Właśnie podczas spaceru po szkockiej posiadłości na początku sierpnia 1979 roku królowa spotkała lady Dianę Spencer. Była nieco zakłopotana, ponieważ ledwo ją pamiętała, ale włączyła trzecią córkę hrabiego Spencera, koniuszego w pierwszych latach swojego panowania, w tryby życia dworskiego w Sandringham.
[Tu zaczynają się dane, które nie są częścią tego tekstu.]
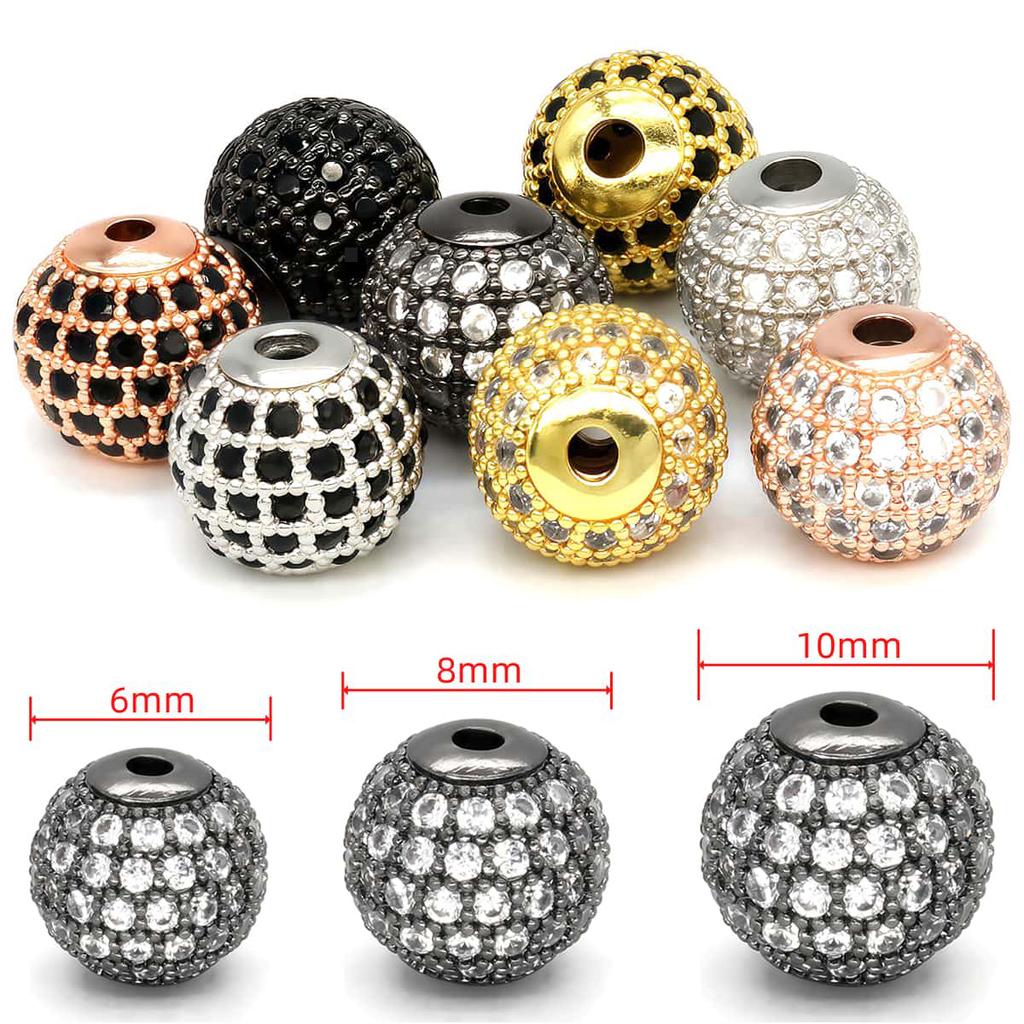 5 Stück Messingperlen Schmuckherstellung Strassbesetzt Zirkon Abstandshalterperlen 6-10mm für Charms Halskette Armband DIY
Diana dorastała na terenach mającej osiem tysięcy hektarów posiadłości królowej w Norfolk, Park House, i jako mała dziewczynka bawiła się z Andrzejem i Edwardem, a w czasie bożonarodzeniowych ferii oglądała z królewskimi synami filmy. Jeśli w ogóle o niej wspominano, to jako o towarzyszce zabaw, a później ewentualnej dziewczynie księcia Andrzeja, ponieważ byli w zbliżonym wieku. Podczas rozmowy ujmująca osiemnastolatka o zaróżowionych policzkach wyjaśniła, że przyjechała ze swoją siostrą, Jane, asystentką królewskiego osobistego sekretarza Roberta Fellowesa, i jej świeżo poślubionym mężem. Stwierdziła, że Balmoral jest „magiczne”, czym zyskała sobie przychylność królowej. Latem następnego roku monarchini spotkała się z Dianą w Balmoral w zupełnie innych okolicznościach. Tym razem panna Spencer przyjechała na zaproszenie księcia Karola. Wszyscy w posiadłości wiedzieli, co to oznacza. Przechodziła test, zwany kolokwialnie próbą Balmoral, który miał pokazać, czy jest właściwym materiałem na żonę członka rodziny królewskiej. Odgadnie trudny do uchwycenia wiejski szyfr Windsorów lub przynajmniej zostanie gorliwą uczennicą? Starsze i mądrzejsze od niej próbowały i oblały. Niektóre odpuszczały sobie z góry. Niegdysiejsza dziewczyna księcia Karola, szkocka dziedziczka Anna „Whiplash” (Pejcz) Wallace, nazywana tak z powodu ognistego temperamentu, odmówiła przy pierwszym podejściu. Powiedziała swojemu królewskiemu chłopakowi, że sam pomysł pobytu w rodzinnej posiadłości Windsorów jest „zbyt nudny, żeby w ogóle o tym gadać”.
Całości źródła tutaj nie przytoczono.